Gauss’s Concept of ‘Congruence’

In his Harmony of the World, Johannes Kepler re-defined the classical conception of congruence for modern mathematical physics, a re-definition which Carl Fredrich Gauss adopted as the basis for his ground-breaking Disquistiones Arithmeticae.

Contrary to the formalist conception taught in virtually all educational systems today, “congruence” is not a mere geometrical synonym for “equality.” As Plato, nicolaus of Cusa, and Leibniz clearly understood, processes in the created world, are never susceptible to the algebraic statement of equality, because no true equality exists in the created world. Consequently, a different conception is required.

In the second book of the Harmony of the World, Kepler states that “congruence” is the Latin equivalent of the Greek word “harmonia.” The geometrical representation of this concept, is illustrated by the relationship of polygons in an n-dimensional space. For example, triangles, squares, and hexagons, can be fitted together in a two-dimensional surface of zero curvature, so as to cover the entire surface; Kepler defines such figures to be perfectly congruent.
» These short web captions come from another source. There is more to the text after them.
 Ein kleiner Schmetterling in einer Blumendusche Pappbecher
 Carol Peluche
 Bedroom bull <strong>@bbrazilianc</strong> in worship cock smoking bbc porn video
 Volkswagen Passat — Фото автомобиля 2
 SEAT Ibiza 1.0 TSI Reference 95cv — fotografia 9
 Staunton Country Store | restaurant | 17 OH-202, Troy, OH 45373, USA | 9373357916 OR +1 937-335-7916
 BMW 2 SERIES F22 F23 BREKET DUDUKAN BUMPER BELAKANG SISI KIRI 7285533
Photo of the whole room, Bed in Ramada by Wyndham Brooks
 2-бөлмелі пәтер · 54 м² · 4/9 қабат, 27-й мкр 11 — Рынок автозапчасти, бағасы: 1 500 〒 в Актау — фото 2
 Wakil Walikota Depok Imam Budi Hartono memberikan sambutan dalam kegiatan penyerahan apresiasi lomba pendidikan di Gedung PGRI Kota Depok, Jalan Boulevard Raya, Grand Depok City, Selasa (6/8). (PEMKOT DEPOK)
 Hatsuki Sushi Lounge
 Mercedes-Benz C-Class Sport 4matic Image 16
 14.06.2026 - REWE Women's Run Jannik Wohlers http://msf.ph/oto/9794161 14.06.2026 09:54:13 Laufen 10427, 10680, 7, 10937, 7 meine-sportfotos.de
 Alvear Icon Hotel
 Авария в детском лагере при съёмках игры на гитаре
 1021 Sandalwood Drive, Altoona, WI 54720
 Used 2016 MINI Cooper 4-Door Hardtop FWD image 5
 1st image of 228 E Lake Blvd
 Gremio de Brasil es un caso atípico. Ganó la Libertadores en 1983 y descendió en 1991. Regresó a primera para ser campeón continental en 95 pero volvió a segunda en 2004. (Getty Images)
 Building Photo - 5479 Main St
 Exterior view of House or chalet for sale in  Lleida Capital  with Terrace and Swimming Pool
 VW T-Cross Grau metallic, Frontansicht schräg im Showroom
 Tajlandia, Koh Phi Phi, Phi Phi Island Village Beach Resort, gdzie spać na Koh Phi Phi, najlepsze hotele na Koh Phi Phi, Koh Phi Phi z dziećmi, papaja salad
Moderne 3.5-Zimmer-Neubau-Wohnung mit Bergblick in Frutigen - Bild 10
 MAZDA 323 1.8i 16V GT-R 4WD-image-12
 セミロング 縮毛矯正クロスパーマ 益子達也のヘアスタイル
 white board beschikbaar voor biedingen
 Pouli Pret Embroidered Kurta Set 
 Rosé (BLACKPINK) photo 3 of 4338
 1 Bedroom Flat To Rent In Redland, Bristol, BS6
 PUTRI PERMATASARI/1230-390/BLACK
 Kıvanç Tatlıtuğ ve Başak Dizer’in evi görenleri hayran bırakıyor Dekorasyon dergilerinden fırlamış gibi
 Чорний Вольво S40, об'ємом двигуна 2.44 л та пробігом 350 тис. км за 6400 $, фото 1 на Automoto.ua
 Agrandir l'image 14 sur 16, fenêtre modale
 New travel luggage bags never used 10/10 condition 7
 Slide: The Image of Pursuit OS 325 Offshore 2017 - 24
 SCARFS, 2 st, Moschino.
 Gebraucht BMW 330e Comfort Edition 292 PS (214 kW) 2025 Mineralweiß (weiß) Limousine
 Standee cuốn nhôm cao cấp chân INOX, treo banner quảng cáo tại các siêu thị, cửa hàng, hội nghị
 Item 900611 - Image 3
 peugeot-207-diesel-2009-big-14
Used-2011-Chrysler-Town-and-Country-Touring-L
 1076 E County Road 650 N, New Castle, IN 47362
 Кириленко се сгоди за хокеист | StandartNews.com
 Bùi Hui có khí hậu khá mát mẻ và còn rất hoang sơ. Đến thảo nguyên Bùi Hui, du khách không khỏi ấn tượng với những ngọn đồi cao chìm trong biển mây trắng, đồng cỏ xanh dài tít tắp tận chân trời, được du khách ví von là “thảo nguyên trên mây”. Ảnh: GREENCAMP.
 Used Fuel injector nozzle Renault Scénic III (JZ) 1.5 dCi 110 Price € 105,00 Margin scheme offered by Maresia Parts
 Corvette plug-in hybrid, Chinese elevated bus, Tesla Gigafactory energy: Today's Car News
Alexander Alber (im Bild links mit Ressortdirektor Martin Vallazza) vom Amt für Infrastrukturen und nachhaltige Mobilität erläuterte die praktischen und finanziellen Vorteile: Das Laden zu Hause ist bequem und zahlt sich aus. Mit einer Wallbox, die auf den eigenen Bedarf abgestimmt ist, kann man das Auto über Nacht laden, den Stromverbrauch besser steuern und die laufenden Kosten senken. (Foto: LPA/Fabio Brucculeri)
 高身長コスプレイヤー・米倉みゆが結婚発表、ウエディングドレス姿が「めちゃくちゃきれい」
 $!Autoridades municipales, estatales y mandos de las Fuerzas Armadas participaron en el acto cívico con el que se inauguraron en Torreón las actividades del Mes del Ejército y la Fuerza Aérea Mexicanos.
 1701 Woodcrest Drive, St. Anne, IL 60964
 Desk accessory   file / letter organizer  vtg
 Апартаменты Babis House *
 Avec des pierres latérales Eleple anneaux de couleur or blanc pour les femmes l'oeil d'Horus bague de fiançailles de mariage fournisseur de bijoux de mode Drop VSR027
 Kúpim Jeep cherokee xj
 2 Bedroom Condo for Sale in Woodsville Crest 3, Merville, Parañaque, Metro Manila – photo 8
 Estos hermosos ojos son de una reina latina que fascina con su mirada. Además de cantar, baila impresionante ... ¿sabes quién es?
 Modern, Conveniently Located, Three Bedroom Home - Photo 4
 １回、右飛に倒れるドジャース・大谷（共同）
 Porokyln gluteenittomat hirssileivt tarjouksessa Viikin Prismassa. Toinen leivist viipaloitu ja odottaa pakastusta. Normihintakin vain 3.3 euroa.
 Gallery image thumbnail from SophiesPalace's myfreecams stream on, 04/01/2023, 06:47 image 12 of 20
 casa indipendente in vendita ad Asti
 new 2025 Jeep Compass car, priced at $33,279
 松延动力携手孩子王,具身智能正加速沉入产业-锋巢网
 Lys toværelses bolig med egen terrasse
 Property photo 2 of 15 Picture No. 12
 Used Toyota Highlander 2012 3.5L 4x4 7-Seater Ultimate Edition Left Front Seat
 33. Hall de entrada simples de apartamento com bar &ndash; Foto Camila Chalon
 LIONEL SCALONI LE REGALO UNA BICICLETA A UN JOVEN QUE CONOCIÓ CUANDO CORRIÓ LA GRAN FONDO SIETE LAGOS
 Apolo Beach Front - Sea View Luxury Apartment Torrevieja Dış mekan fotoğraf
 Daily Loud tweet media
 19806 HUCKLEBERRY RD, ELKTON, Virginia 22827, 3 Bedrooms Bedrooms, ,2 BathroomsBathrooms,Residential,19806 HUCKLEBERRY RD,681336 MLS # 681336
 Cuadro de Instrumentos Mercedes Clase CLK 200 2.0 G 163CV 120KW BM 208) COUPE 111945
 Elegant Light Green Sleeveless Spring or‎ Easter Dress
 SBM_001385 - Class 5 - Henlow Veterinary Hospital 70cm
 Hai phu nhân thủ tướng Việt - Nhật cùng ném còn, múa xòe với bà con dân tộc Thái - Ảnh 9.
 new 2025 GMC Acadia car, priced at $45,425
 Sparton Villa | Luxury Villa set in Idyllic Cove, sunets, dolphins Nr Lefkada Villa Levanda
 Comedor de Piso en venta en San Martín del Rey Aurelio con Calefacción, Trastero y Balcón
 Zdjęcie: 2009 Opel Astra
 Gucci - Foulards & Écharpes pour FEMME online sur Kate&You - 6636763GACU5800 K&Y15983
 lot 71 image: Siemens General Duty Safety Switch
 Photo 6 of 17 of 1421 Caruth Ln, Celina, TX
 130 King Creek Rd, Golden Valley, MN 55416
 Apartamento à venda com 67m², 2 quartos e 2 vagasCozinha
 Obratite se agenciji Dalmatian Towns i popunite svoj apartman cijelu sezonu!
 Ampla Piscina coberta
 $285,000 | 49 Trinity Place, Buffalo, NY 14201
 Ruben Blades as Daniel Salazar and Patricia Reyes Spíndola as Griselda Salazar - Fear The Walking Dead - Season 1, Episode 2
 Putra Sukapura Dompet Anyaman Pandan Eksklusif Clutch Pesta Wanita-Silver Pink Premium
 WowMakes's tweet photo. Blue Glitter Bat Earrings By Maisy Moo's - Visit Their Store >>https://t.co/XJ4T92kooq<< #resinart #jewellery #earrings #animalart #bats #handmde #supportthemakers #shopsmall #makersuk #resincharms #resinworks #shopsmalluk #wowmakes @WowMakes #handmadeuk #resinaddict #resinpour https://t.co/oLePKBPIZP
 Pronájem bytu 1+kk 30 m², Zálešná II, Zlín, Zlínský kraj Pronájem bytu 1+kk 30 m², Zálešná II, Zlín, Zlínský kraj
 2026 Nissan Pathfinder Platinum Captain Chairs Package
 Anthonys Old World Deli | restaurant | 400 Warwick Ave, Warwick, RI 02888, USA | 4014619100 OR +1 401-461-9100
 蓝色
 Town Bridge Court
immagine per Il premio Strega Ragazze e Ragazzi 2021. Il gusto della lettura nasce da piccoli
Pentagons, on the other hand, cannot be fitted together in this way. [See Figure 1]


In a three-dimensional space, however, pentagons, triangles and squares are perfectly congruent, but hexagons are not. [See Figure 2]

It was a brilliant idea of Gauss, to apply Kepler’s re-statement of the classical concept of congruence, to the domain of modular arithmetic. Under Gauss’s concept of congruence, two numbers are considered congruent, if the difference between them is divisible by a third number; the two congruent numbers are called “residues,” and the third number is called a “modulus.” For example 7 ≡ 32, relative to modulus 5. Here, the relationships among all numbers, are ordered with respect to the differences (change: Gegansatz) between them. By the application of this concept of congruence, Gauss invented an entirely new domain of mathematics which he called “Higher Arithmetic.”